When MOED is dissolved in various liquids, its colour will vary, depending on the solvent and its polarity. In general, the more polar the solvent, the shorter the wavelengths of the light absorbed will be. When light of a certain colour (wavelength) is absorbed, the solution will appear in the complementary colour of the one absorbed. Therefore, in water, a highly polar solvent, MOED appears yellow (corresponding to absorbed blue light of wavelengths 435-480 nm), but is purple or blue (corresponding to absorbed green to yellow light of wavelengths 560-595 nm) in acetone, a less polar solvent. The effect stems in part from the stabilization of the ground state of the merocyanine molecule in polar solvents, which increases the energy gap between the ground state and excited states, which corresponds to shorter wavelengths (increased energy) of the absorbed light.
Because of its solvatochromic properties MOED, and solvatochromic dyes in general, are useful as solvent polarity indicators, and for creating solutions that absorb light at a specific frequency.
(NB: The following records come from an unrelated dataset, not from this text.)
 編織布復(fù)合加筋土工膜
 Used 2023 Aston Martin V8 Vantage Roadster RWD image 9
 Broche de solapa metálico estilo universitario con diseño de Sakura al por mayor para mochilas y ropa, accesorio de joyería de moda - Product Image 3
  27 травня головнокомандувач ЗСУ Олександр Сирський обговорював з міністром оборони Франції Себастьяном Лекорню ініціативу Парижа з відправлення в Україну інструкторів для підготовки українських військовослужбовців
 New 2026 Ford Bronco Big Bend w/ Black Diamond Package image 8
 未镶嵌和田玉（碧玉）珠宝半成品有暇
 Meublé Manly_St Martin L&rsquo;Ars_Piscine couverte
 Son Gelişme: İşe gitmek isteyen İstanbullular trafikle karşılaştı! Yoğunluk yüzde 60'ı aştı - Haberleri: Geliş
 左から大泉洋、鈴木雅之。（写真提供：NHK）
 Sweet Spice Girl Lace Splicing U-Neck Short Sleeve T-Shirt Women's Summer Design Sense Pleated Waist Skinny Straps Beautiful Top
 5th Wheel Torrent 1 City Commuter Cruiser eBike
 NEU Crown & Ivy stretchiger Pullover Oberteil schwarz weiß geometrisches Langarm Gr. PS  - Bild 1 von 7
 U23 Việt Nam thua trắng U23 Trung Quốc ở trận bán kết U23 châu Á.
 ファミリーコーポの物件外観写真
Additional potential areas of use include pH sensors and transition metal cation indicators. Research into merocyanine dyes is ongoing.
Brooker's merocyanine can be prepared beginning with the methylation of 4-methylpyridine to produce 1,4-dimethylpyridinium iodide. Base catalyzed reaction with 4-hydroxybenzaldehyde and subsequent intramolecular dehydration provides Brooker's merocyanine.